The goal is to solve the problem of unnecessary and unwanted oil burner operation when wood boiler is at or near operating temperature.

Thanks.


----------



## Eric Johnson (Feb 14, 2008)

Well Dennis, we've got one-stop shopping here. Welcome to the Boiler Room.

I'm sure your question will be answered, perhaps in more than one way, before sundown.


----------



## ISeeDeadBTUs (Feb 14, 2008)

Pretty much the problem I had last year. The Viessmann didn't realize the GW was going to send heat, so the oil would fire. Viessmann makes a 'V-Module', but since the Germans won't tell anyone exactly how it works, I haven't gone that route yet. 

Unplugging the burner, however, has worked quite well ;-)


----------



## sparke (Feb 14, 2008)

There are more sophisticated controls others will probably share with you. I will share the way I did it. I put on a strap on aquastat on the supply line from wood boiler to oil boiler. I then separated my oil burner circuit from my circulater circuit. When the supply temp from the wood reaches 160* (set where you want) - the normally closed contact opens. This turns off the oil gun as long as my wood boiler is circulating water. 

I have changed that set up with my new boiler but that is another story...


----------



## Eric Johnson (Feb 14, 2008)

I do what Jimbo does--switch off the gas burner because there's no need for it.


----------



## Nofossil (Feb 14, 2008)

I have exactly that situation. I've documented my setup on my site - link in my signature below. I also got around to making a cleaner plumbing diagram


----------



## sparke (Feb 14, 2008)

Keep in mind the original poster may have an older wood boiler that will not provide an overnight burn.  He may need the oil to kick in early A.M.  ...
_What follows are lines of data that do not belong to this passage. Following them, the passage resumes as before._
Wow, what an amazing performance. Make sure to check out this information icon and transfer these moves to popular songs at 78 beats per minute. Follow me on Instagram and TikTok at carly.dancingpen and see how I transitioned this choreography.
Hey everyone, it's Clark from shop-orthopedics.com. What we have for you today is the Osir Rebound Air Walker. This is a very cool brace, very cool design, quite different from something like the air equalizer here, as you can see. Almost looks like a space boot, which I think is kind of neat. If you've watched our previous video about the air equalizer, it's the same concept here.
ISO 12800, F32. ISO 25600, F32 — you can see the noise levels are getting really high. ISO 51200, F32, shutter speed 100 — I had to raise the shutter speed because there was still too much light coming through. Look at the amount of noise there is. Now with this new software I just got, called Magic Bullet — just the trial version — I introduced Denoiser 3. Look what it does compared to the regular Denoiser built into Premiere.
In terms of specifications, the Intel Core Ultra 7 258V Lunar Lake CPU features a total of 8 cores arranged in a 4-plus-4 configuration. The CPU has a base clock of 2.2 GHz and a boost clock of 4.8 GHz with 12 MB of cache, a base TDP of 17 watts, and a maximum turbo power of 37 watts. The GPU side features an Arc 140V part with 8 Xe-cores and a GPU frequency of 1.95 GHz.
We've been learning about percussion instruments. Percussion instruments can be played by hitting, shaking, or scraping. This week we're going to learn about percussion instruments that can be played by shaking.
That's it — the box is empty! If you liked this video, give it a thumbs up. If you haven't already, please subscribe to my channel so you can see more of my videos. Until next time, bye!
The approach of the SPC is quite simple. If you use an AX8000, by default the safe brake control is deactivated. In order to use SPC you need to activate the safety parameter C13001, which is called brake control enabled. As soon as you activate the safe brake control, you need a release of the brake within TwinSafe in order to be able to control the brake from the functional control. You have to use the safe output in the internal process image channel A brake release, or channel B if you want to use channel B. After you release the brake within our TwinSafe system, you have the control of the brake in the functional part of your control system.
Dennis something else that works is to reset your  temp setting on the oil burner to 160* or 170* instead of 180*  That will help prevent the oil burner fom coming on unless you let the temp drop in the wood boiler...


----------



## Nofossil (Feb 14, 2008)

From a controls point of view, there are a lot of options. I like th idea of using an aquastat in the wood boiler and a relay. When the wood boiler is hot, it can activate the relay. The relay contacts can disable the oil boiler when the wood is hot, This would provide automatic failover to oil when the wood goes out. Simply wire the 'normally closed contacts in series with the oil burner power, for instance, or in series with the demand signal from the thermostats.


----------



## BrownianHeatingTech (Feb 15, 2008)

nofossil said:
			
		

> From a controls point of view, there are a lot of options. I like th idea of using an aquastat in the wood boiler and a relay. When the wood boiler is hot, it can activate the relay. The relay contacts can disable the oil boiler when the wood is hot, This would provide automatic failover to oil when the wood goes out. Simply wire the 'normally closed contacts in series with the oil burner power, for instance, or in series with the demand signal from the thermostats.
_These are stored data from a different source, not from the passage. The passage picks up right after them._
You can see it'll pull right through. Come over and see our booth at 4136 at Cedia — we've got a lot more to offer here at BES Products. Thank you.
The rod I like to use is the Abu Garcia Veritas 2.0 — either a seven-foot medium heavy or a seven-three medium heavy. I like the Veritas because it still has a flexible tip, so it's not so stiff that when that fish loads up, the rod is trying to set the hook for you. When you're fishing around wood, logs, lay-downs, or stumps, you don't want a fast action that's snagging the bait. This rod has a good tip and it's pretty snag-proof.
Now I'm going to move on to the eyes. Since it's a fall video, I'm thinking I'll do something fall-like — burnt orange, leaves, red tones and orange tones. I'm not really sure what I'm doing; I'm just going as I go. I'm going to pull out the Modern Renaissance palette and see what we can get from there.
A simple aquastat (eg, Honeywell L4006A1017) can be used, without a relay.  Hook it up to the wood boiler and splice it into the power wire to the oil burner (in this case, since it sounds like the oil boiler circulator still needs to run), and set it for 180 with a 25-degree differential (for example), so that it kicks on when the wood boiler gets up to temp, and allows the oil burner to fire if the wood boiler cools excessively (either due to going out, or not being able to keep up with demand).

Actual setting of the temperature and differential will depend on the heat needs of the house.  You need to do (or have done) an accurate heat loss analysis for the house, and then measure the amount of radiation (for example, how many feet of baseboard element).  Based on that, you can calculate what temperature water is needed to provide the required heating to the house, using that many feet of baseboard.  The cut-in temperature should probably be in the 180-190 range, and you set the differential so that it never drops below the required water temperature without letting the oil boiler fire.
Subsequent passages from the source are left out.